Ich denke, auch gedankliche Konstrukte, Wahrheits-Übereinkünfte, philosophisch-weltanschauliche oder religiöse Ideen unterliegen den evolutionären Regeln: Was dazu beiträgt, sich einer spezifischen (räumlich-zeitlichen) Umwelt anzupassen, zu überleben und die Nachkommen am Leben zu erhalten, bleibt auch in der Gedächtsnisspur erhalten – so lange, bis das kein Vorteil mehr ist, sondern andere Erkenntnisse oder Ideen ihren Platz einnehmen.

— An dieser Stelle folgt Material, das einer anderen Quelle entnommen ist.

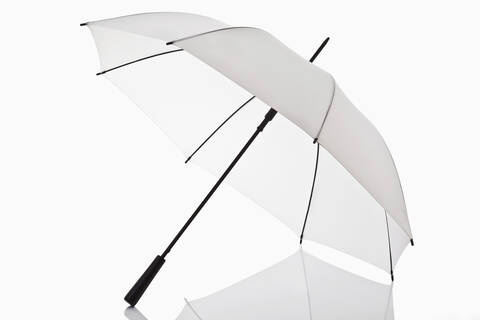 Regenschirm auf weißem Hintergrund, lizenzfreies Stockfoto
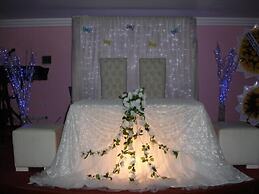 Sarp Hotel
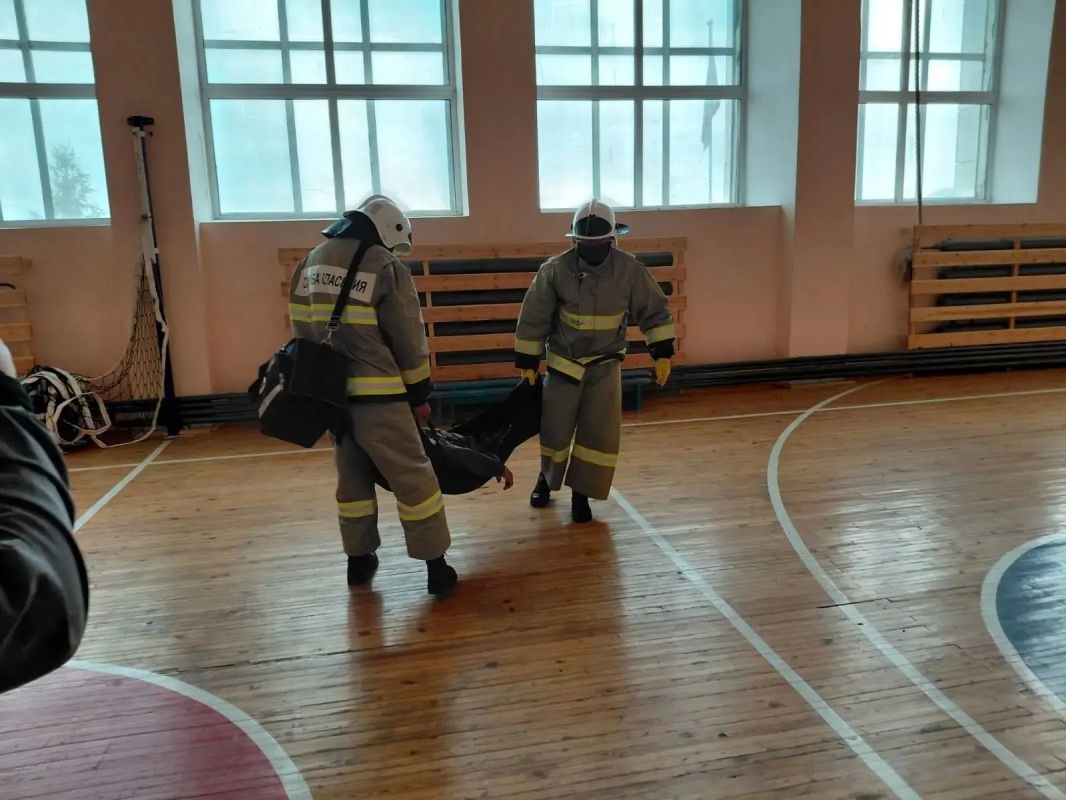 В Сунтарском улусе прошли антитеррористические учения с эвакуацией пострадавшего В Сунтарском улусе прошли антитеррористические учения с эвакуацией пострадавшего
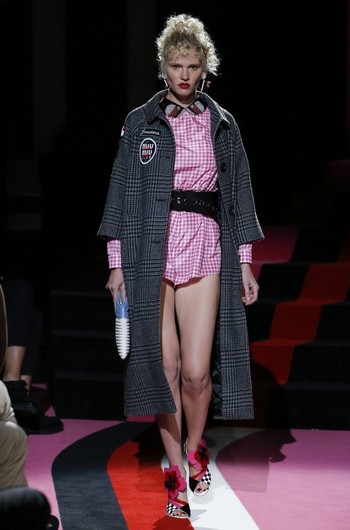 Круизная коллекция Miu Miu 2018: кабаре и «Формула-1» Круизная коллекция Miu Miu 2018: кабаре и «Формула-1»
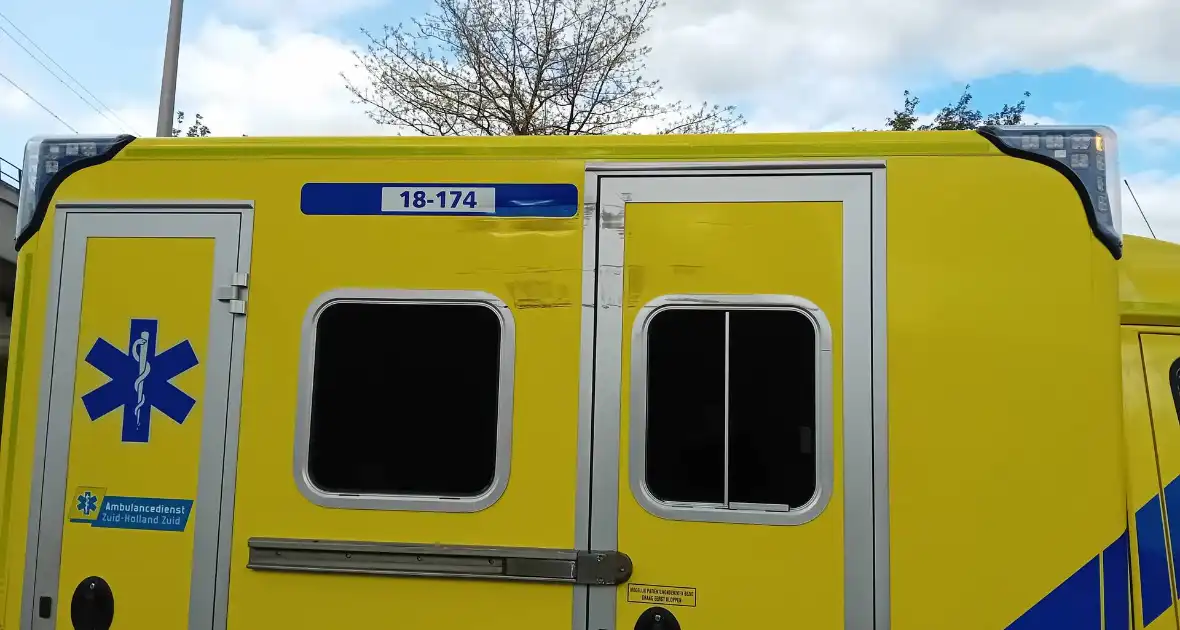 Lijnbus en ambulance botsen op elkaar - Foto 7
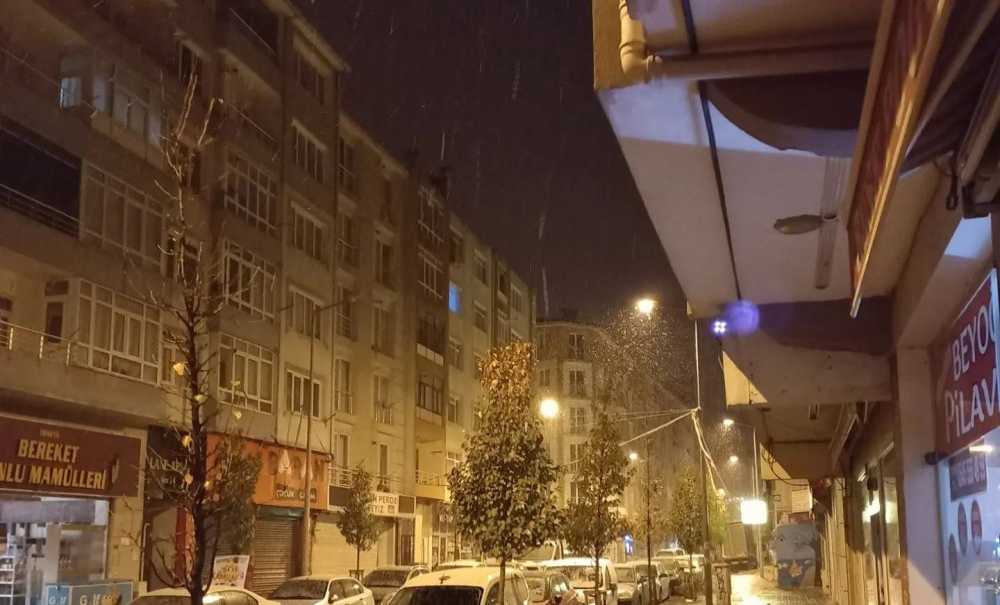 Çorlu'ya İlk Kar Yağdı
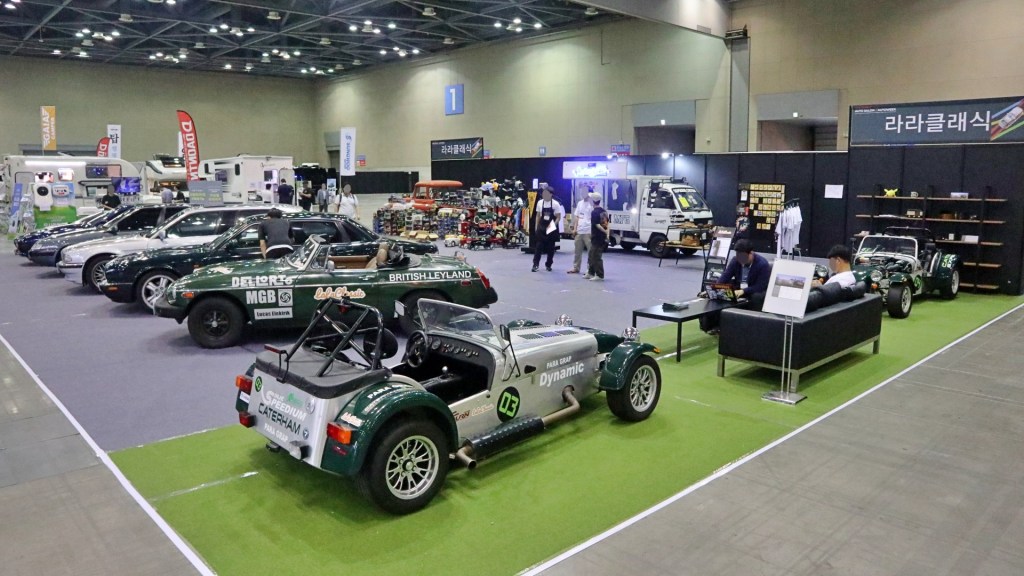 2019 서울오토살롱위크에 전시된 클래식 감성&nbsp;차들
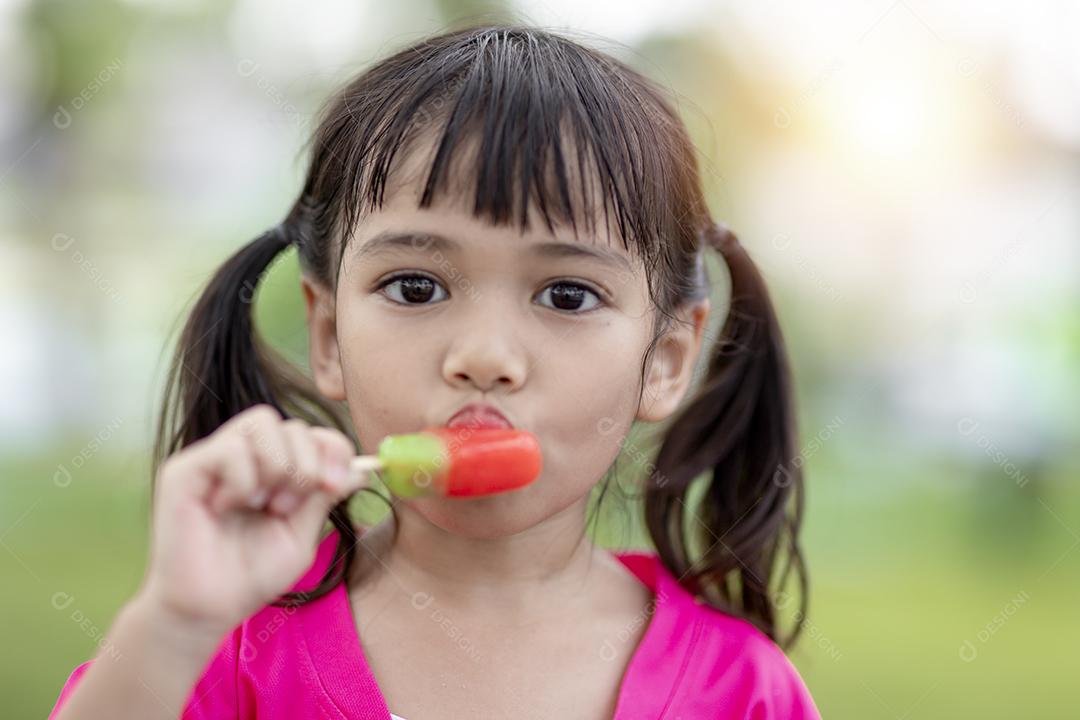Linda menina comendo sorvete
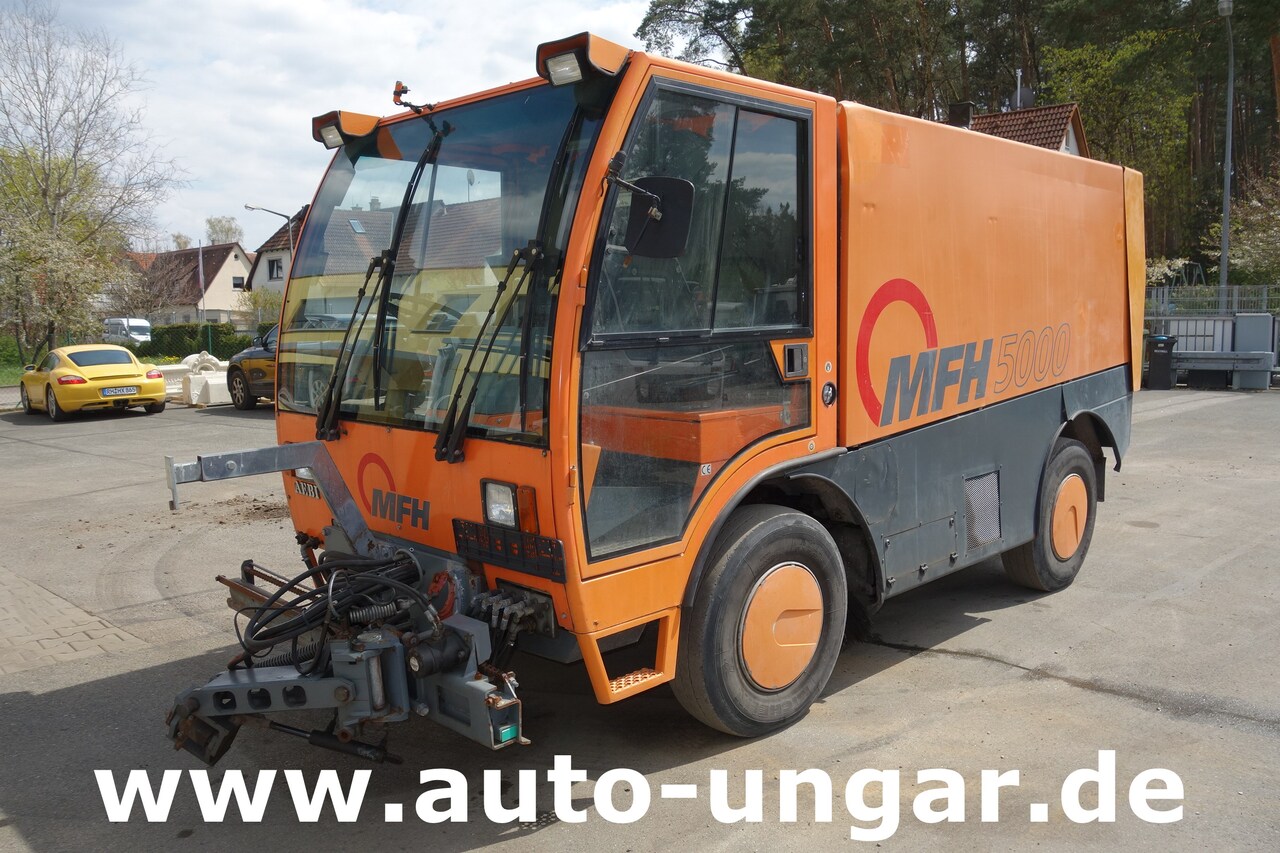 Aebi Schmidt MFH 5000 Kehrmaschine Ersatzteilträger - SpareParts EZ 2000 - Varredora urbana: foto 3 Aebi Schmidt MFH 5000 Kehrmaschine Ersatzteilträger - SpareParts EZ 2000 - Varredora urbana: foto 3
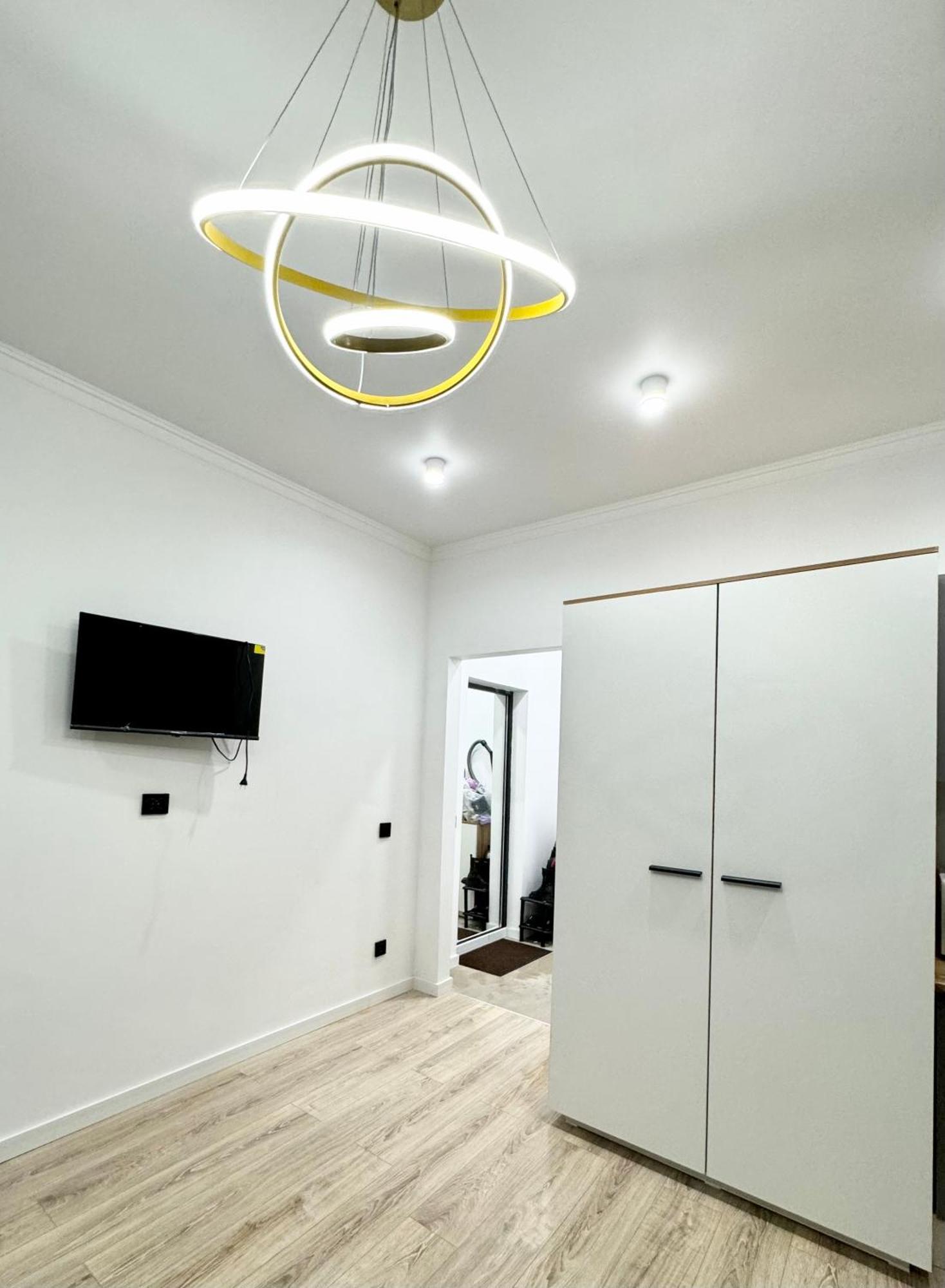 Ra Aparts 1 Apartment *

Es geht im Bereich der Ideen also nicht darum, welche wahrer als andere ist, sondern welchen Einfluss eine Idee/Beschreibung der Welt auf diejenigen hat, die sie für wahr halten. Und für deren Umfeld, deren Nachbarn etc. ... wenn also eine bestimmte Vorstellung der Wirklichkeit dazu führt, dass jemand andere Lebewesen nach Belieben versklavt, ausbeutet, vertreibt, angreift, tötet – dann ist das keine, der ich gerne folgen möchte; so "wahr" sie auch klingen mag.
Hier hat Immanuel Kant durchaus einen wertvollen Punkt geliefert, von dem aus ich eine Idee und Vorstellung beurteilen kann: Was wäre, wenn sie zur Grundlage der allgemeinen Gesetzgebung und des alltäglichen Lebens aller Menschen würde?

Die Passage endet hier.